Microsoft eScience Review
The last three days at the Microsoft eScience workshop in North Carolina gave me a good overview to the current direction of scientific research.
First off, this is an academic conference, very academic... it is not closed to industry but the few of us from industry really stood out. This is a Microsoft sponsored conference but the sponsorship comes from the Microsoft Research branch.
I saw a lot of talks that I found to be quite dry. I must be spoiled from the recent DemoCamps in Toronto where people don't give endless power point presentation about their software, they show it.
The following are short descriptions of the presentations/projects that I was impressed with.
SEAMONSTER (Rob Fatland, Vextel) - Ok, I think we have a winner for the longest acronym that actually works... South East MOnitoring Network for Science, Telecommunications, Education, and Research. This is an interesting Microsoft/NASA backed project that has a dual purpose agenda; environmental monitoring and teaching students. The SEAMONSTER project is a series of remote sensors in Alaska, Northern Canada and Greenland monitoring environmental changes. Based in Alaska, SEAMONSTER takes on local students interns to work on various aspects of the project. I met up with Rob later on in the conference and he seems to be the perfect person to lead this project. His knowledge of the technology and his passion for bringing science to students will see this project succeed.
In Support of eScience: The Shift from Information Retrial to Information Synthesis (Catherine Blake, University of Carolina) - This is a hardcore data mining project that aims to give a more unbiased result when searching for academic papers. An example of this bias is if you search for "drinking + breast cancer", the first 10 papers found might support this claim but the following 100 might report that there is no relation between the two. This project (called Claim Jumper) does a deep search of the papers (keywords, abstracts, and full text) and gives a visualization of the searched claims by separating the papers that support and rebut the claim.

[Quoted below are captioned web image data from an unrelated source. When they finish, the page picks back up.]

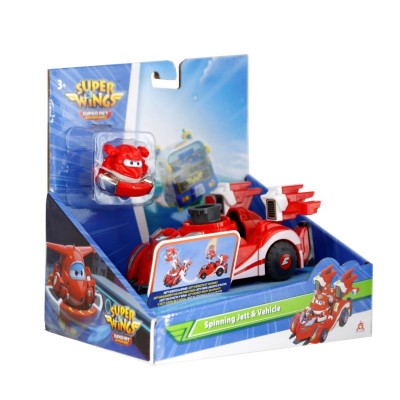 Ігровий набір Super Wings Spinning Vehicle Джетт (Jett) Ігровий набір Super Wings Spinning Vehicle Джетт (Jett)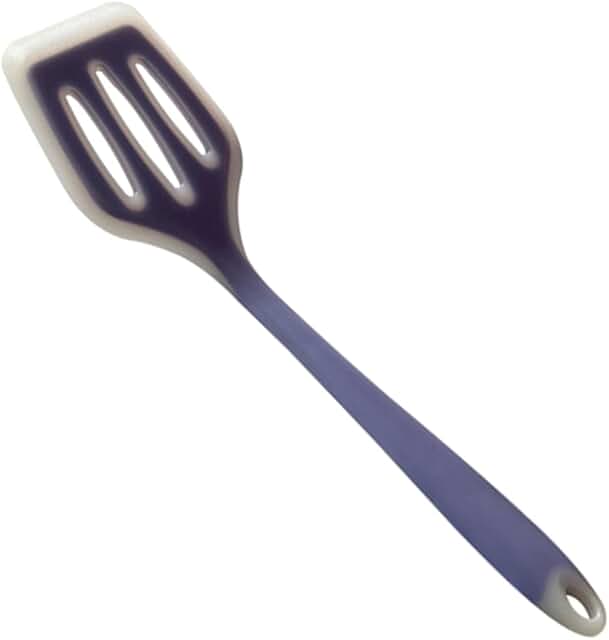 White silicone spatula for non-stick cooking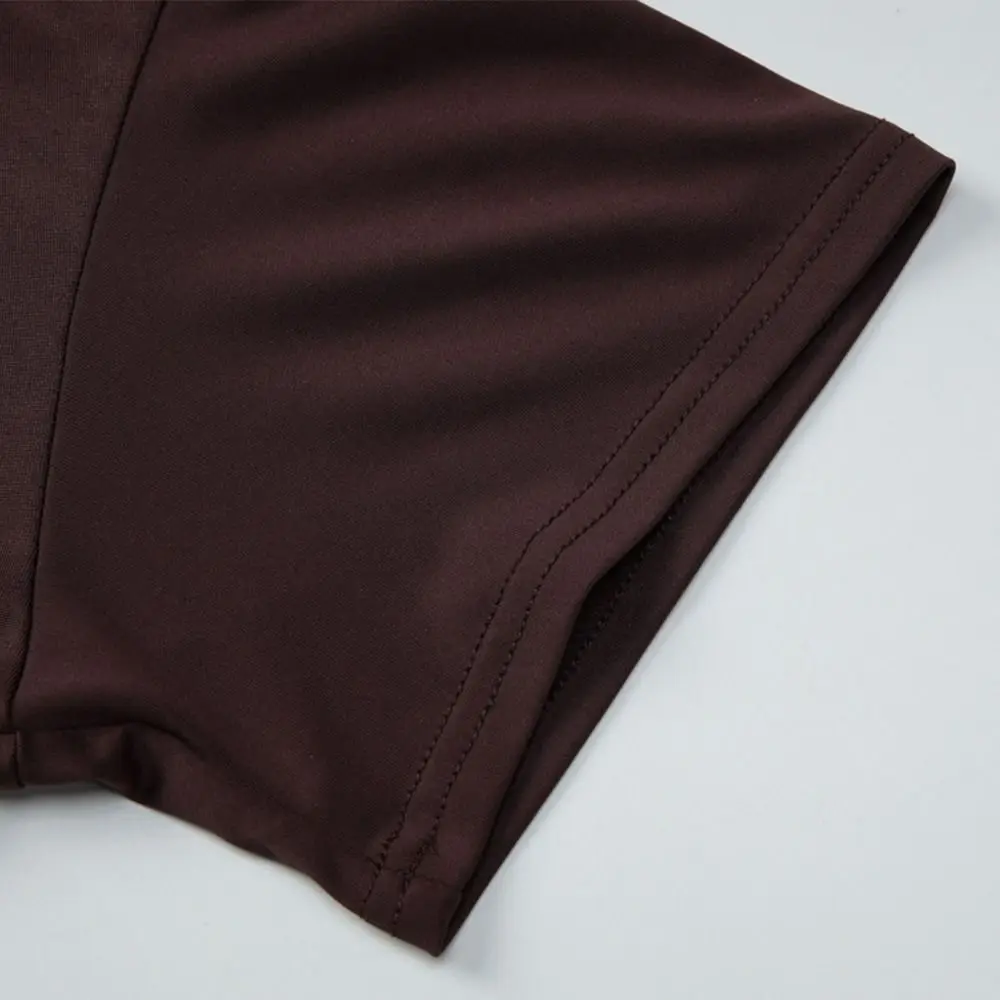 Schulterfreies Spitzen-Patchwork-Oberteil mit Spitzenbesatz, Taillenbetonung und Transparentem Stoff, Unregelmäßiger Schrägkragen – Detail 7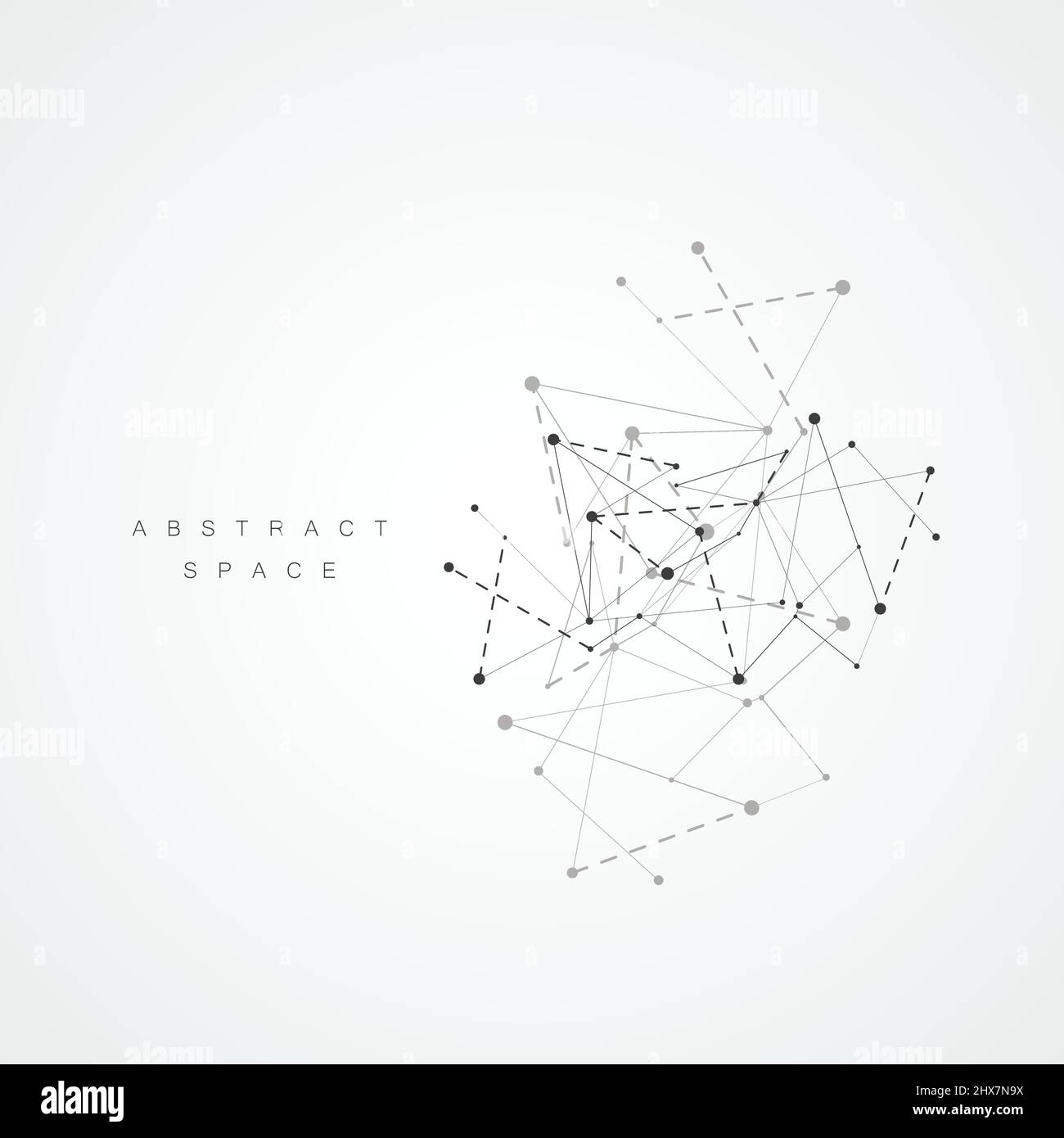 Abstract network connections with dots and lines Stock Vector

Blogs, Logs and Pods - a Way to a Smart Laboratory (Jeremy Frey, University of Southampton) - This talk was a detailed overview of how Dr. Frey took his lab into modern times by using a wiki based system (called Combechem) instead of the standard laboratory notebook. I think that labs will be standardized to use such systems in the very near future. The best question of this talk was how long would it take new students to get "trained" on this system. Please show me someone under the age of 30 that needs to be trained how to do anything on the web.
Semantic Eco-Blogging: Toward a Global Sensor Net (Joel Sachs, University of Maryland) - This is a true Web 2.0 project right down to the project names - Spire, Splickr, and TripleShop. This project uses yahoo maps and Flickr mashups to display sightings of birds, vegetation, bigfoot etc...
Users of this system can add entries based on there own observations of species using a Firefox plugin called Spotter. Stealing the description of Spotter from its website:
Spotter allows you to easily create RDF/OWL for species observations. It places a button on your Firefox toolbar that calls up a form with fields taken from our observation ontology (Observer, Reporter, Location, Common Name, Scientific Name, etc.). Upon submitting the form, an OWL observation record is created and stored on our server. You are presented with a link to the record, which you can then link to from your blog.
I spoke with Joel after his talk and to my surprise he is based in Toronto. I gave him an overview of Democamp and I hope that he comes out and presents at a future camp.
myExperiment: Social Networking for Workflow-using eScientists (Carole Goble, University of Manchester) - This is a really cool project. I was surprised that this project is coming from a university and not a Web 2.0 start up. This is a Ruby on Rails project that uses a Facebook like approach to sharing scientific workflows with fellow researchers. The statement that I liked about this project that it is designed for the children of researchers, the generation that gets the social networking thing. This project is just plain cool and so web 2.0 right to the Beta tag on the website.
AnIML (Mark Bean, GlaxoSmithKline) - I have a little bias towards this talk since I'm involved with developing the AnIML data format standard. I did pick up a couple new pieces of information that will be quite useful in my AnIML Tools project.
I don't know if I'll be adding this conference to my annual "must go" conference list but I was happy that I at least went once to see what it was all about.